New sustainable growth plan acts as ‘roadmap’ to Net Positive for Kingfisher
EXCLUSIVE: Home improvement retailer Kingfisher has unveiled a comprehensive range of short-term sustainability targets in a bid to engage its customers and 77,000 employees in the company's long-term ambition of becoming "truly sustainable".
The B&Q and ScrewFix owner revealed its new sustainable growth plan, with a headline goal of achieving 50% of the group’s sales by 2020 from products that “actively make customers’ homes more sustainable” – such as LED lighting, insulation and low-flow taps. The products which fall into this category make up around 33% of the group’s current range and account for more than £3.8bn of sales annually.
Kingfisher claims that by achieving its headline target, its customers will be able to halve their own energy use and improve their water efficiency by 50% within the next seven years.
The sustainable growth plan sets goals for 2025 and will run alongside Kingfisher’s Net Positive sustainability plan, which incorporates 50 specific targets for 2050, including making every Kingfisher store and customer home zero carbon at least. The 12 new targets will act as a “road-map” to “milestones” along this long-term journey, according to the group’s head of sustainability, Caroline Laurie.
“We have got really ambitious 2050 aspirations under Net Positive, which has been really well-received and hailed as the next frontier of sustainability strategies,” Laurie exclusively told edie at this year’s edie Live event. “But ultimately, that technical language of sustainability and that long-term framing failed to connect with our customers and colleagues, who are our most important stakeholders.”
She added: “What we wanted to do was create a roadmap to 2025 that spoke much more directly to customers and their needs and concerns. It takes our long-term ambitions of becoming a truly sustainable company and breaks it down into short-term steps which are more easily accessible.”

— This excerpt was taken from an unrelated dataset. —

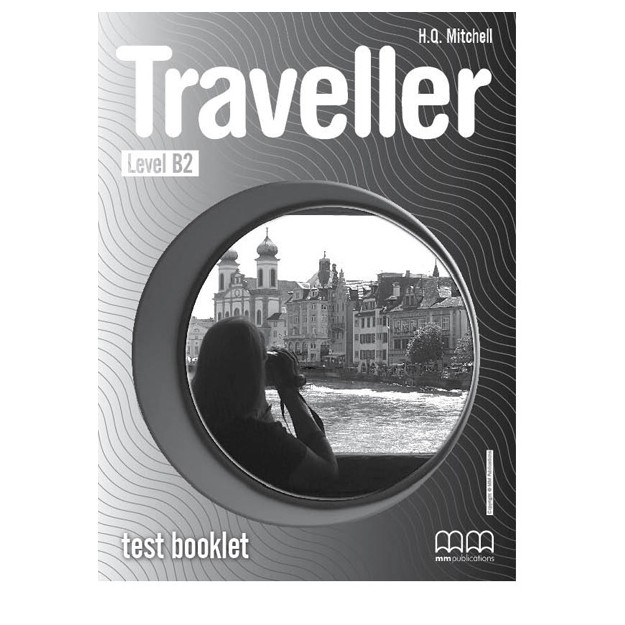 TRAVELLER B2 TEST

The new plan is based on an extensive customer research project in the UK France, Poland, Russia and Spain, which sought to understand which sustainability issues really mattered to customers in their homes.
Kingfisher found that people were increasingly engaging with energy and water efficiency measures, demanding toxin-free products and making steps towards circularity by repairing, recycling and reusing their homewares. But while sustainability was found to connect with customers’ domestic priorities, they were put off by lofty, long-term targets and the word ‘sustainability’ itself.
The group’s chief officer Véronique Laury, who replaced Ian Cheshire in 2015, has also been “absolutely active” in developing and sponsoring the plan, according to Laurie.
“Sustainability is absolutely core to our purpose set by our chief executive, which is ensuring everyone has a home they feel good about,” Laurie added.
As well as customer-specific targets, the sustainable growth plan includes six internal goals for Kingfisher including sending zero waste to landfill by 2020 and recycling 90% of waste streams by 2025; sourcing all wood, paper and peat-free growing media responsibly by 2025, and achieving transparency of harmful chemicals in supply chains by 2020 before phasing out the “highest priority” hazardous chemicals from its products five years later.
Kingfisher additionally said it will cut absolute carbon emissions from buildings and transport by a quarter by 2020 against a 2010-2011 baseline.
The new plan forms part of the group’s five-year ‘one Kingfisher’ strategy, which was launched in 2016 and aims to transform the company’s structure by “unifying” its key brands.